For now, it was enough that they were listening.
Maybe this contrast is a better illustration of the evolution of newspapers. You would think that at least the Mercury would include the full article online. Nope. Sigh.
Saturday, August 23, 2008
All I Need Is a New Hairstyle

Courtesy of a web site called YearbookYourself, I took a current picture of myself, uploaded it, and voila, got back a reasonable facsimile of what I looked like in 1976. Too close for comfort, I can tell you that.
Saturday, August 16, 2008
Where in the World Is Dara?
Climbing the Andes to see Machu Picchu, of course. I posted some of her many pictures on Flickr. The trip starts in Lima on the coast, on to Cusco at 11,500 feet, by taxi to catch a train that took them on to Aguas Caliente. From there it was by bus to Machu Picchu for the day, starting at sunrise. Then back to Cusco and Lima on a thirty hour three-connections trip back home.
Friday, August 15, 2008
All In My Head -- So What!?
I've been an Airborne fan for years, as has Kyla, for some kind of preventive measure against colds when you feel something coming on. Dara can't stand the taste of the stuff any more than Alka Seltzer. Seems the science is against us on this one.

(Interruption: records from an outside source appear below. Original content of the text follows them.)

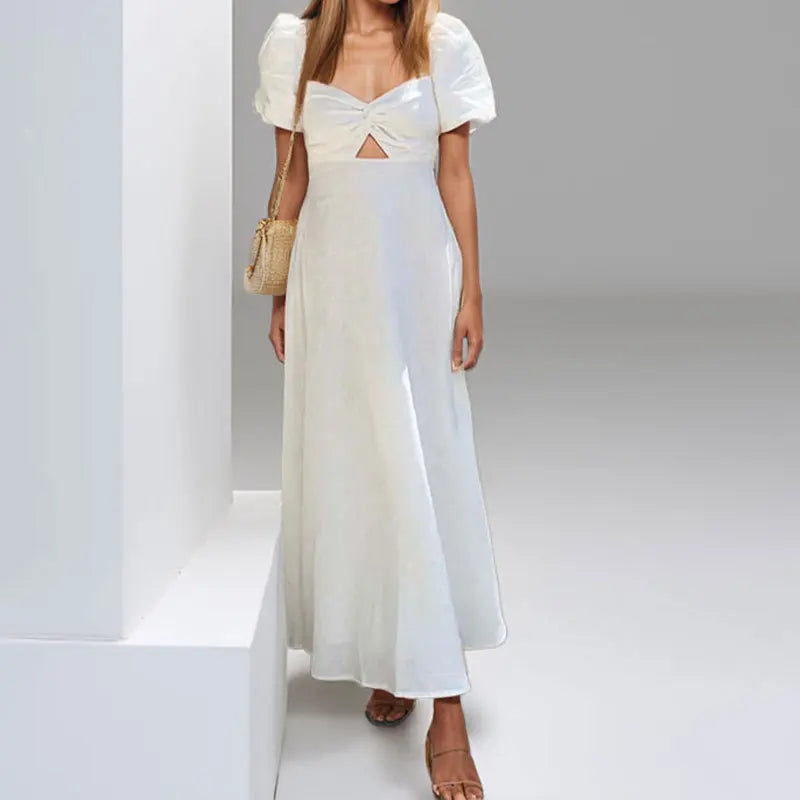 VEITCHE Summer Fashion Womens White Long Dresses Elegant Short Sleeve V-Neck Hollow Out Dresses High Waisted Casual Dress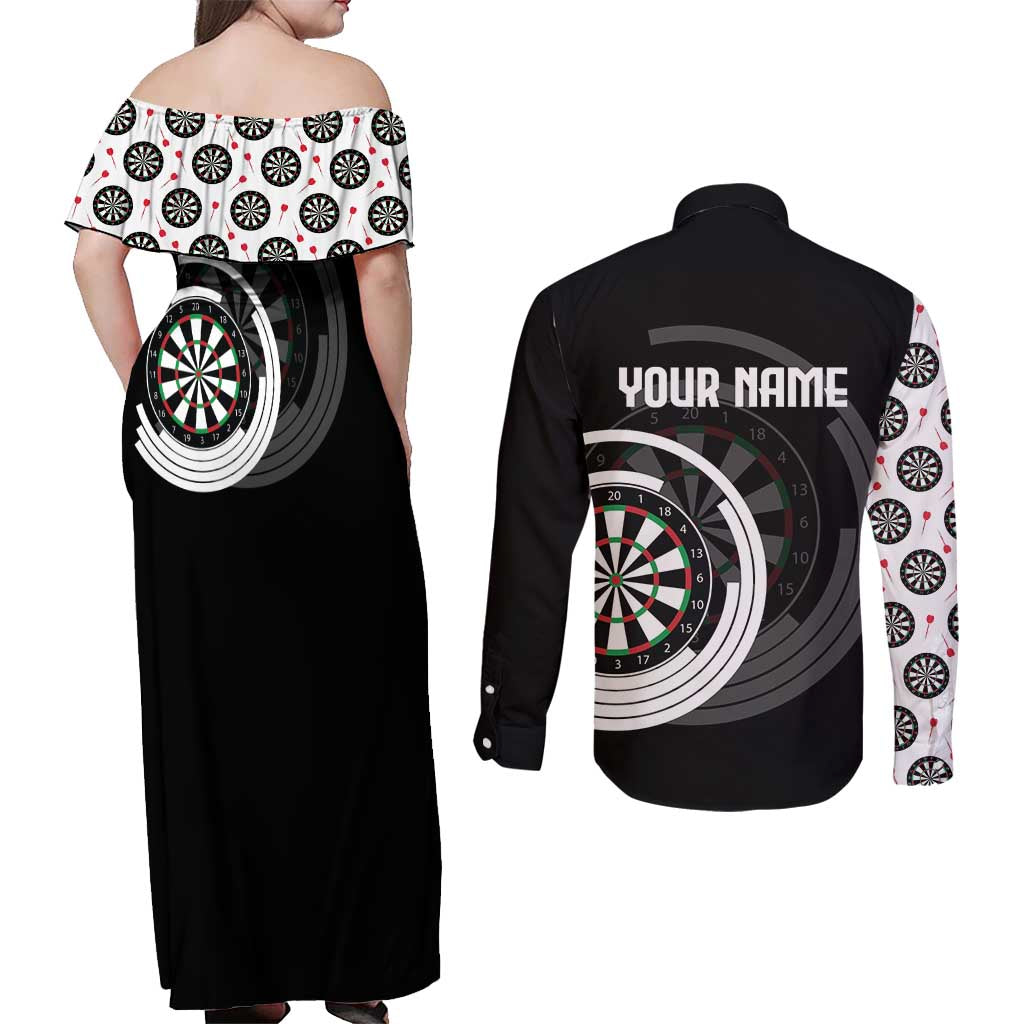Personalized Black and White Dartboard Couples Matching Off Shoulder Maxi Dress and Long Sleeve Button Shirt Bullseye Target Design for Dart Players - Wonder Print Shop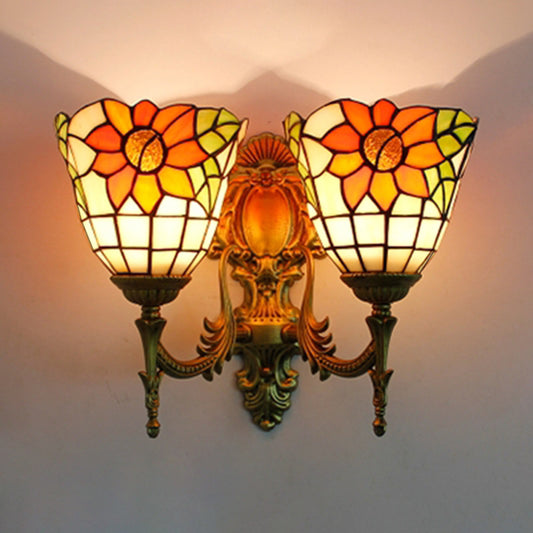 Sunflower Wall Mount Light Lodge Style Stained Glass 2 Heads Wall Lighting for Bedroom Clearhalo 'Industrial' 'Middle century wall lights' 'Tiffany wall lights' 'Tiffany' 'Wall Lamps & Sconces' 'Wall Lights' Lighting' 179339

"There is no credible evidence that Airborne products . . . will reduce the severity or duration of colds, or provide any tangible benefit for people who are exposed to germs in crowded places," said Lydia Parnes, director of the Federal Trade Commission's Bureau of Consumer Protection, which filed a complaint against Airborne's makers.Woohoo! Go Bonita Springs! Well, I guess the good news is I'll be able to buy more Airborne with my settlement money.
Under a settlement announced yesterday, the privately held Airborne Health, based in Bonita Springs, Fla., will add $6.5 million to funds it has already agreed to pay to settle a related class-action lawsuit. That suit, which alleged that Airborne falsely claimed its products could cure or prevent colds, was settled earlier this year for $23.5 million. Consumers who bought Airborne products between 2001 and 2008 have until Sept. 15 to apply for a refund for as many as six purchases, the FTC said. Claims will be paid by Oct. 15, 2008, the company said in a statement.
Tuesday, August 12, 2008
Can We Stop and Get It?
In an attempt to return the blog to its normally scheduled nonsense, I thought I thought I'd post this picture of the turtle we found in the road on Sunday. I wonder how many times Dad heard me ask, "If we see a turtle in the road, can we stop and get it?" And I know Dara has heard it a thousand times even if we'd never seen a turtle. And now we have.
Sunday, August 03, 2008
Google Is Watching Us
This street view of our place from Google Maps is almost alarming and quite up-to-date. I see on their web site they have a way for you to flag inappropriate images. Do you suppose that garbage can sitting outside the gate late in the afternoon qualifies? At least they didn't catch me in my bathrobe chasing a dog across the yard.
Lost Opportunity
With so many dogs now, I guess we're going to have to pass on offering a new home to a soon-to-be-homeless hippo at the Washington zoo. They're making way for new elephant quarters.But it's not easy finding a home for a 7,000-pound adult male Nile hippo. Happy, who was born at the zoo 27 years ago, needs lots of clean water, for an array of reasons that include his indoor and outdoor pools, where he spends much of his time submerged.Admittedly, he's not even a pygmy hippo. And he might flatten a miniature dachshund.
He also needs his own room, so to speak. Male hippos are extremely territorial, and will attack other hippos, or people, that intrude in their space.